The percentages alone are dreadful, but they become even worse when learning that by 2014, the world recycled 99% of all lead-acid batteries. Yes, the batteries are technologically different between them. But this shows a joint agreement on how critical recycling batteries is. But, of course, recycling has its own problems. Battery recycling can also use large amounts of water or emit air pollutants depending on the process used. “The percentage of lithium batteries being recycled is very low, but with time and innovation, that’s going to increase,” said Radenka Maric, professor at the Department of Chemical and Biomolecular Engineering, University of Connecticut.

That’s something important to bear in mind; as Jacoby highlights, only recently have industry and academia started to realize the importance and necessity of recycling lithium-ion batteries,

Until now, most of the effort to improve Li-ion battery recycling has been concentrated in a relatively small number of academic research groups, generally working independently.

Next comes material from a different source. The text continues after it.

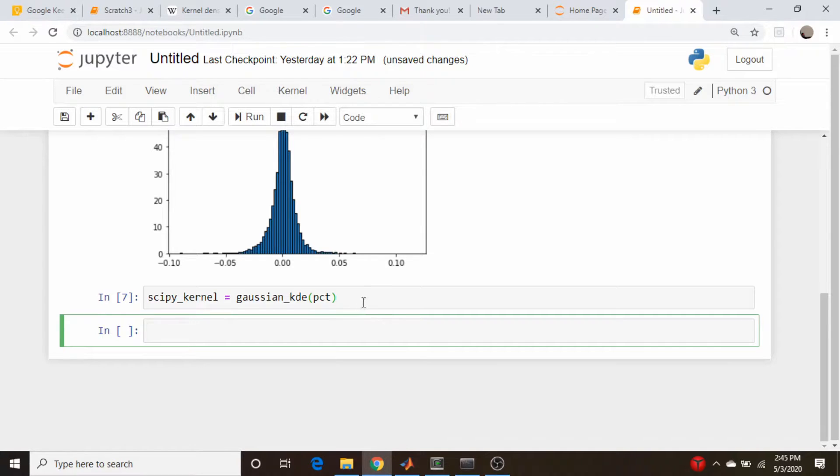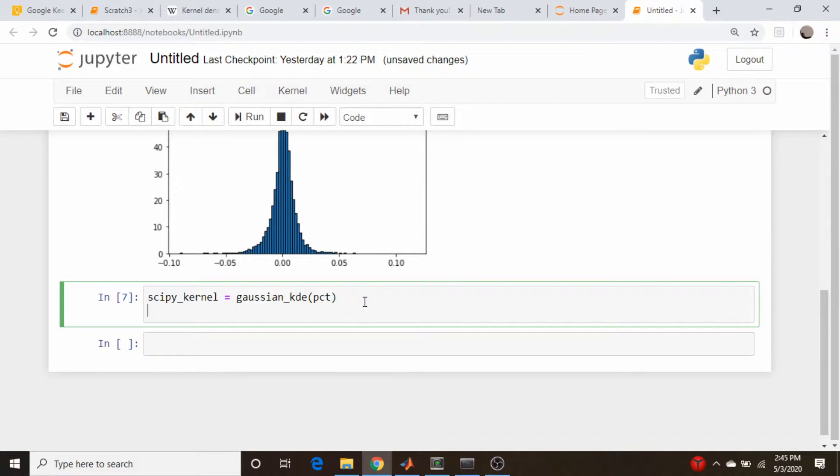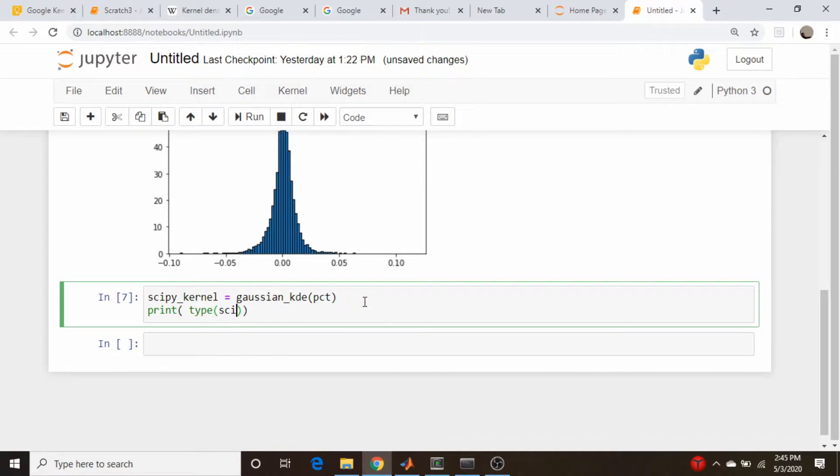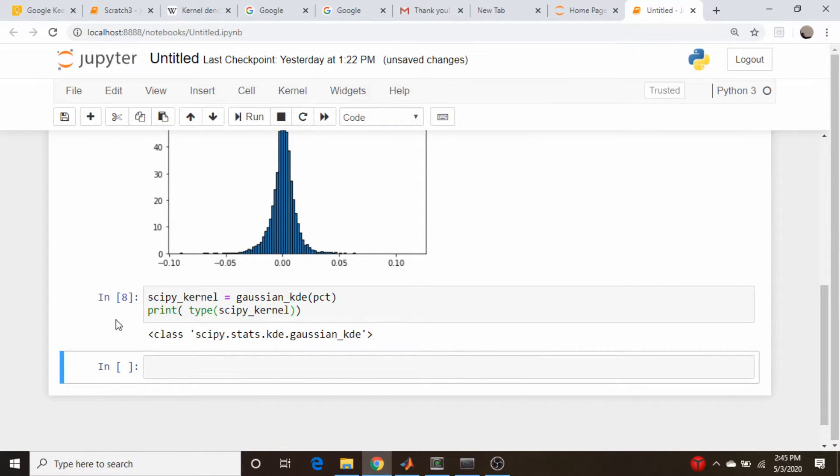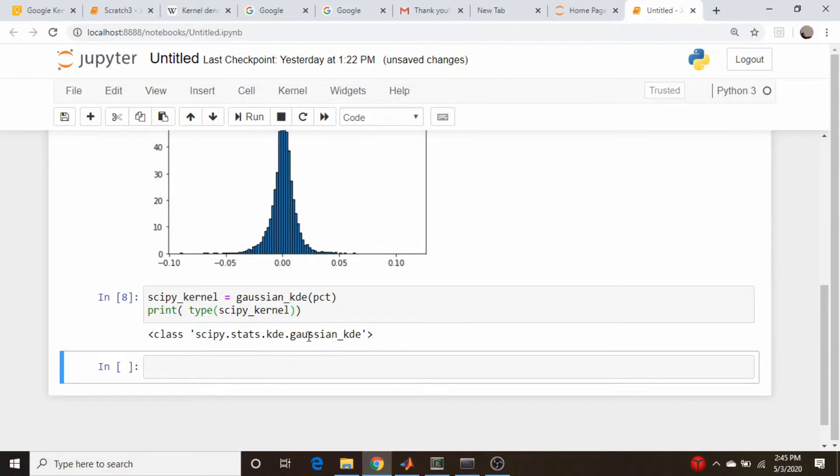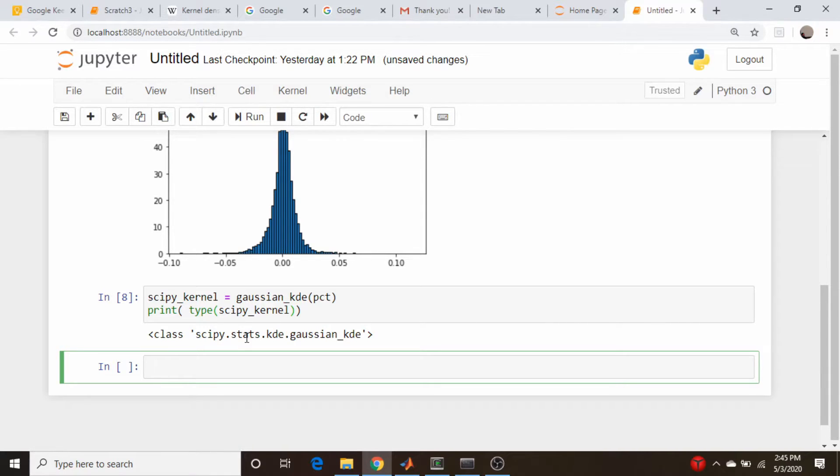And this will return an object. Let's actually print out type scipy kernel. So it prints out an object type. It returns an object type of this. So this has member functions and various attributes. And so we could just call this function to actually get, we can make use of the member function, the various properties of this object to get back things that we need. So let's actually evaluate this and kind of plot out what it looks like.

But things are starting to change. Driven by the enormous quantity of spent Li-ion batteries expected soon from aging electric vehicles and ubiquitous portable electronics, start-up companies are commercializing new battery-recycling technology. And more scientists have started to study the problem, expanding the pool of graduate students and postdocs newly trained in battery recycling. In addition, some battery, manufacturing, and recycling experts have begun forming large, multifaceted collaborations to tackle the impending problem.

Lead-acid batteries have been around for a long time now, while lithium-ion ones are a recent development. So it’s understandable that the focus on recycling has started only now. And the recycling benefits are many; as Jacoby reports,

In many types of Li-ion batteries, the concentrations of these metals [cobalt and nickel], along with those of lithium and manganese, exceed the concentrations in natural ores, making spent batteries akin to highly enriched ore. If those metals can be recovered from used batteries at a large scale and more economically than from natural ore, the price of batteries and electric vehicles should drop. In addition to potential economic benefits, recycling could reduce the quantity of material going into landfills. Cobalt, nickel, manganese, and other metals found in batteries can readily leak from the casing of buried batteries and contaminate soil and groundwater, threatening ecosystems and human health […]. Batteries can have negative environmental effects not just at the end of their lives but also long before they are manufactured. […] more recycling means less mining of virgin material and less of the associated environmental harm.

If recycling is too far down the road, there is at least another option to mitigate the environmental and social impacts of the lithium-ion batteries, repurposing.

As electric vehicles rapidly grow in popularity worldwide, there will soon be a wave of used batteries whose performance is no longer sufficient for vehicles that need reliable acceleration and range. But a new study shows that these batteries could still have a useful and profitable second life as backup storage for grid-scale solar photovoltaic installations, where they could perform for more than a decade in this less demanding role.

David L. Chandler, MIT (Massachusetts Institute of Technology) News Office

Again, although repurposing may seem straightforward, there are challenges, but the results have been encouraging.

Lithium-ion batteries are an environmental and social problem today. But fossil fuels are a problem too. CAAM pushes for an electric future because it understands that batteries can stop being a problem, while fossil fuels will continue to negatively impact the environment.